By David Finigan.
Almost two years ago I wrote in this blog about a small boat that had washed ashore in Del Norte County. There is nothing unusual about that up here on the North Coast, but there was something special about this small boat called a “panga.” Here’s what I wrote about it back in April of 2013:
“It was covered in barnacles and other debris, and had clearly been lost at sea for a long time – just over two years to be exact. We know that because this Panga has now been positively identified as coming from the Takata High School marine sciences program in Rikuzentakata Japan—it was washed out to sea in the March 2011 tsunami that devastated much of coastal Japan and killed several thousand people in Rikuzentakata. The boat had apparently been foundering around the North Pacific until it washed ashore earlier this month, the first confirmed tsunami debris to reach the California coast.”
It struck me then that this boat and its two-year journey were symbolic of something and meaningful in ways we did not yet understand. I also wrote back then:
“And when I think about it, I am almost in awe of the connection this small boat symbolizes. The same Tsunami that devastated the town of Rikuzentakata, slammed into Crescent City about 10 hours later. One man died here, and our harbor was wrecked. Two years later, the boat drifts peacefully ashore on the ripples from that terrible day—reminding us on the California Coast just how lucky we were.”
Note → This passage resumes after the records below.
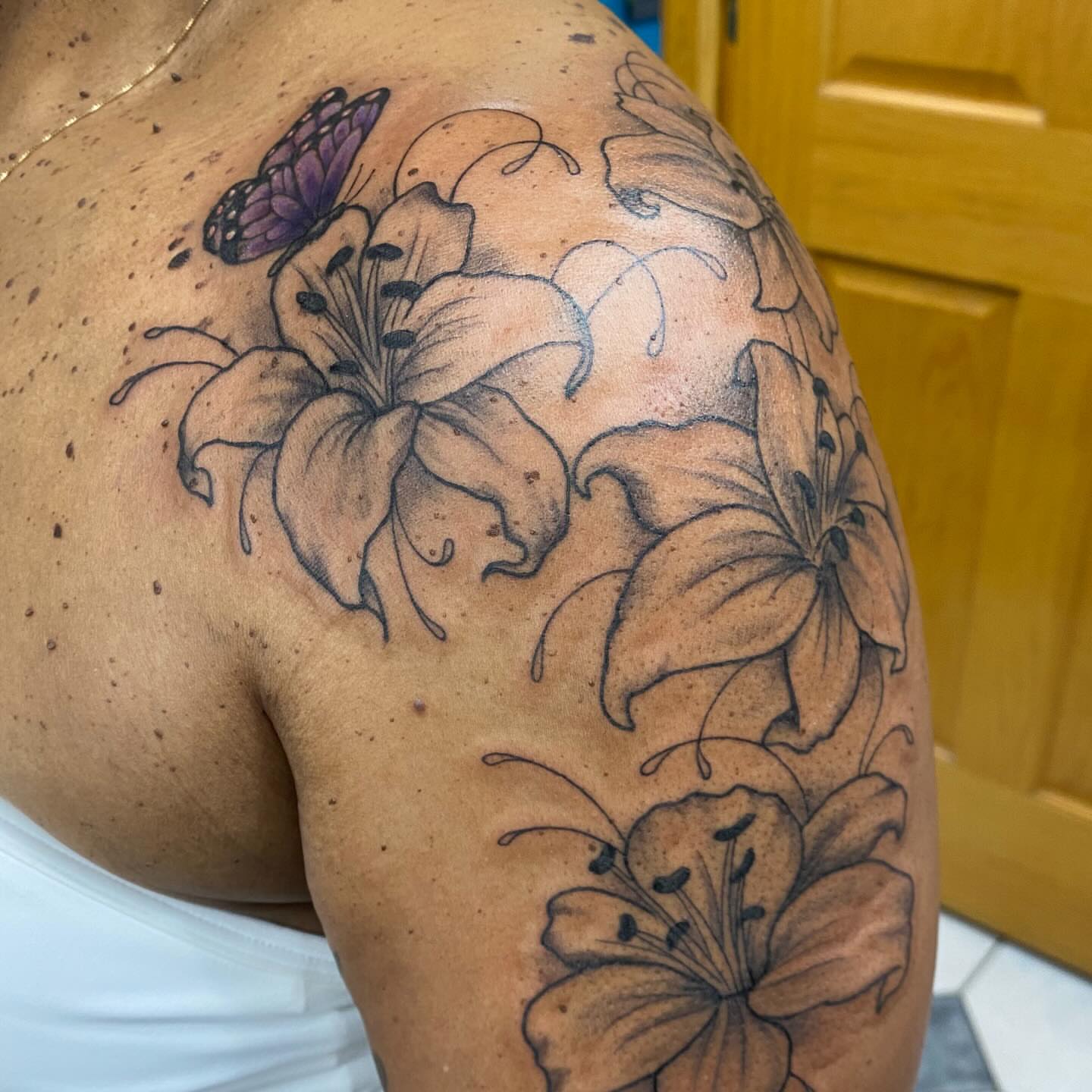 Tattoo by @sc0ttstattoos — black_and_grey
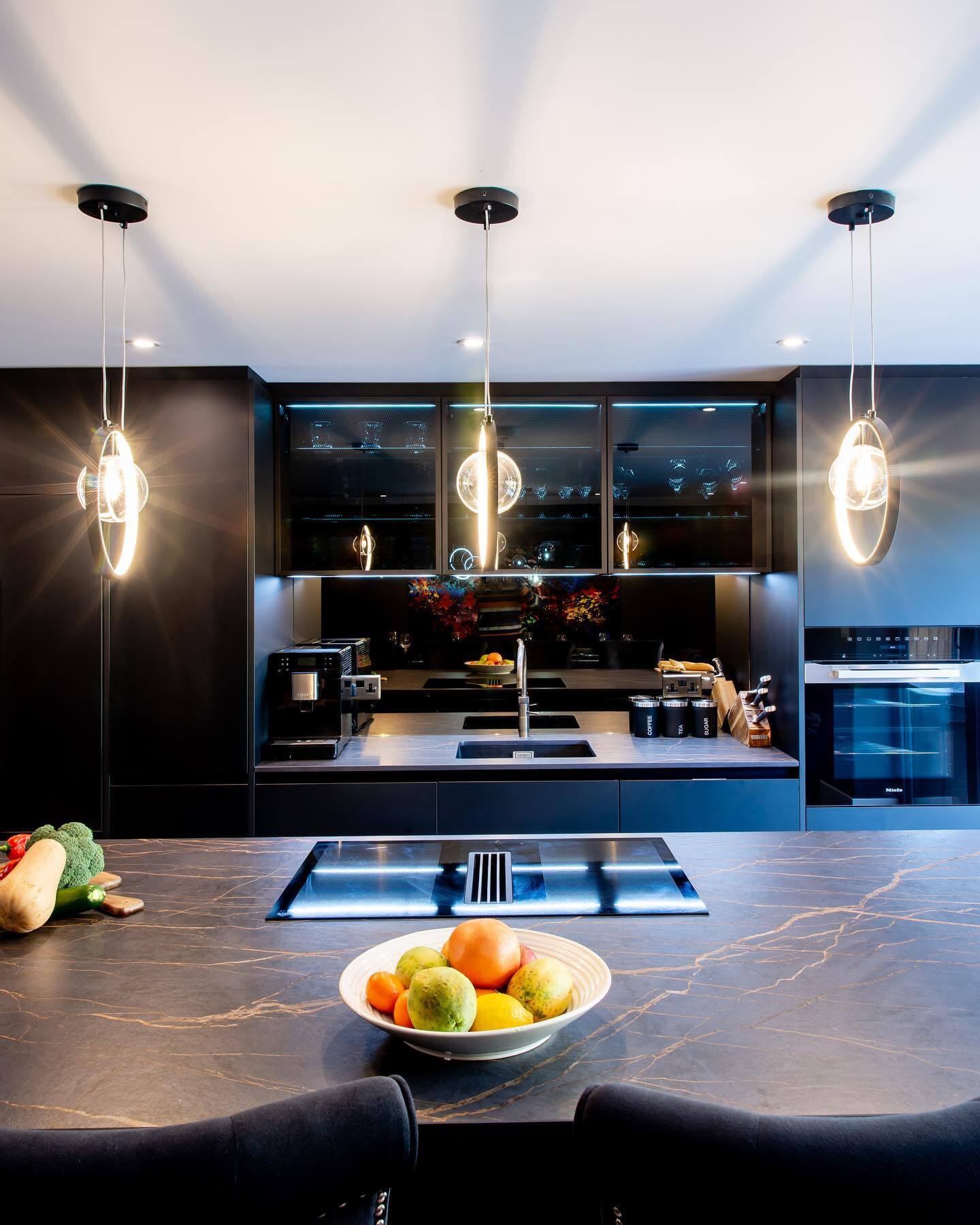 Sleek Modern Finish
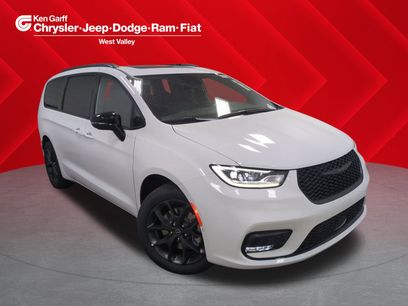 New 2025 Chrysler Pacifica Limited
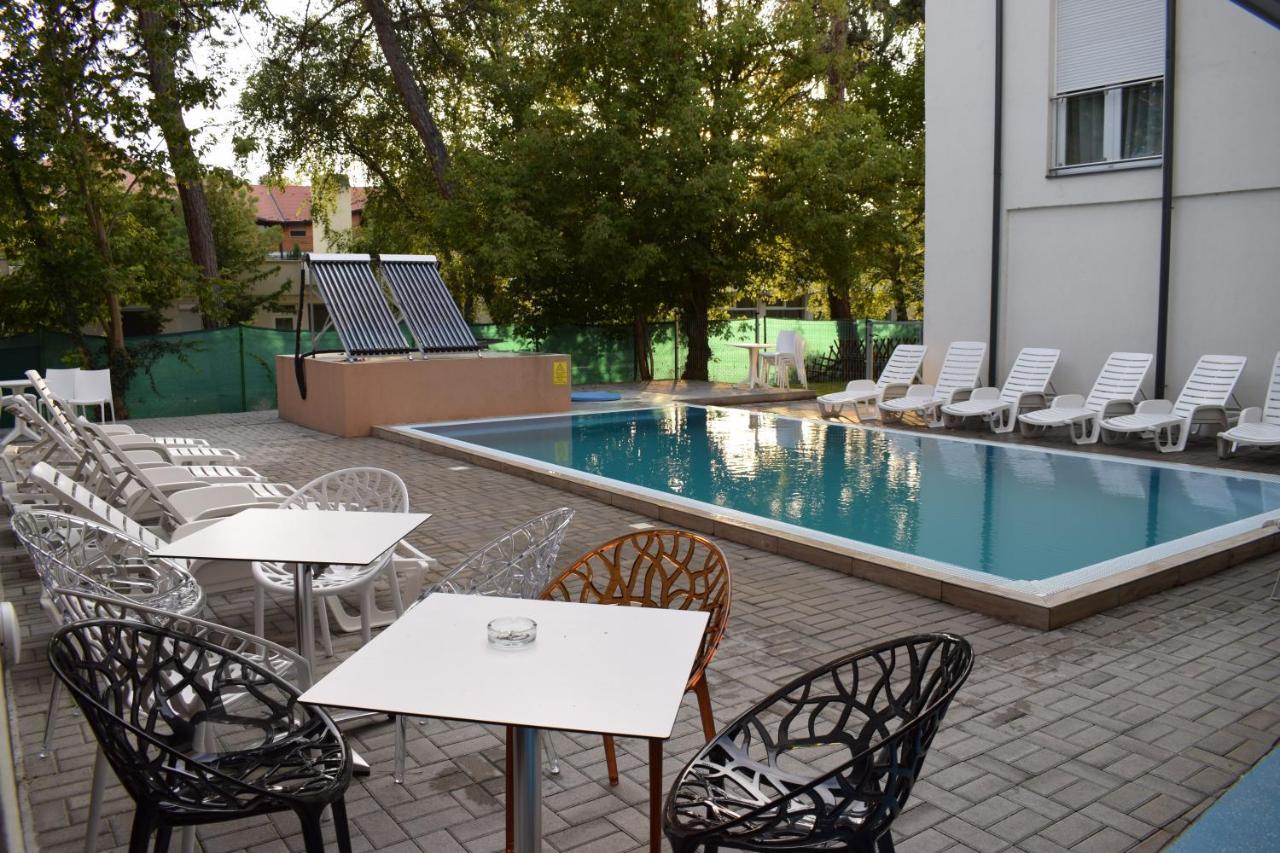 Lido Riviera, Relux Apartman Balatonlelle Dış mekan fotoğraf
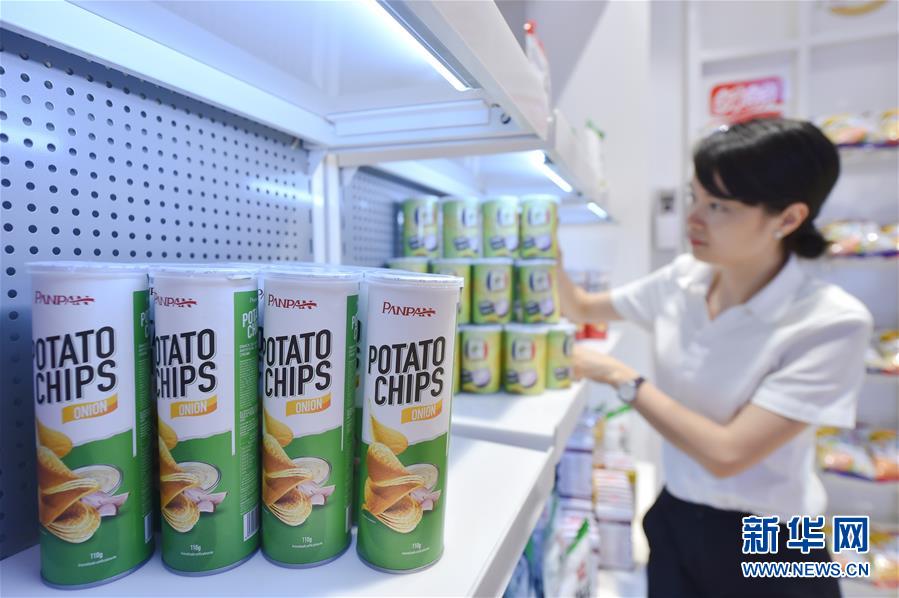 (新華全媒頭條·壯闊東方潮 奮進(jìn)新時(shí)代——慶祝改革開放40年·圖文互動)(5)敢為天下先 愛拼才會贏——“晉江經(jīng)驗(yàn)”啟示錄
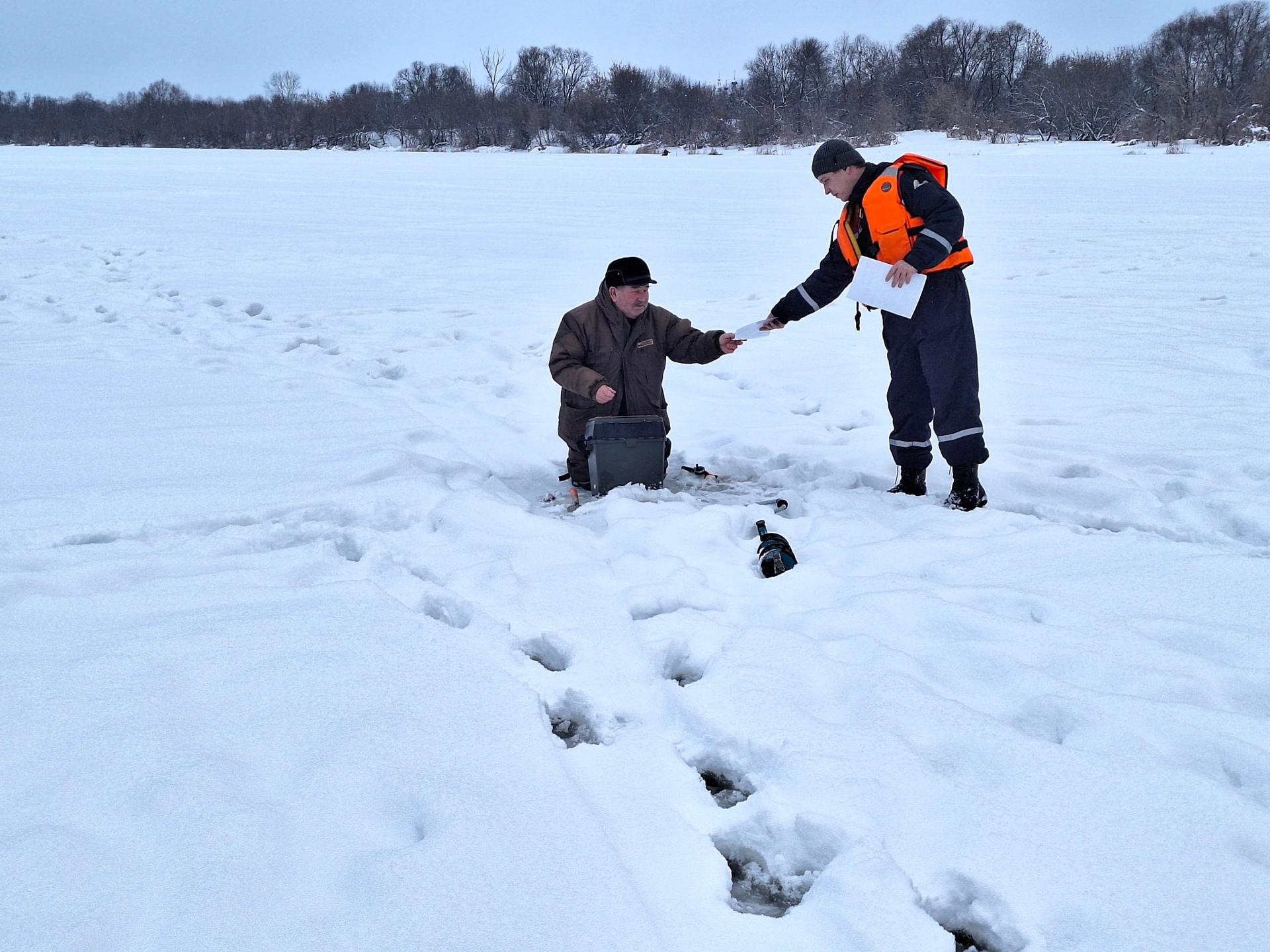 Любители зимней рыбалки продолжают игнорировать предупреждения коломенских спасателей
I am writing again about this boat now because this week, nearly four years after the earthquake and Tsunami, and two years after the Boat washed ashore, 14 high school kids from Rikuzentakata are visiting Del Norte County. Their visit is the result of the connection and ensuing friendships engendered by that small boat.
After it washed ashore here, students from Del Norte County High cleaned up the boat and restored it. About a year ago, they traveled to Rikuzentakata to return it to the students of Takata High School. That gesture began what I think will be a long–lasting relationship between the people of Rikuzentakata and Del Norte County. The visit this week is part of that relationship. The Japanese students are spending the week getting to know us and our area and allowing us to get to know them.
There is no way that a small boat can make up for the lives lost, for the devastation and despair the tsunami left in its wake. But the Panga and its journey do represent the resilience that can sustain us through dark times. One small boat. One large ocean. Two disparate cultures, brought just a little bit closer by the spirit of human kindness!
David Finigan is a CSAC Past President and a Del Norte County Supervisor.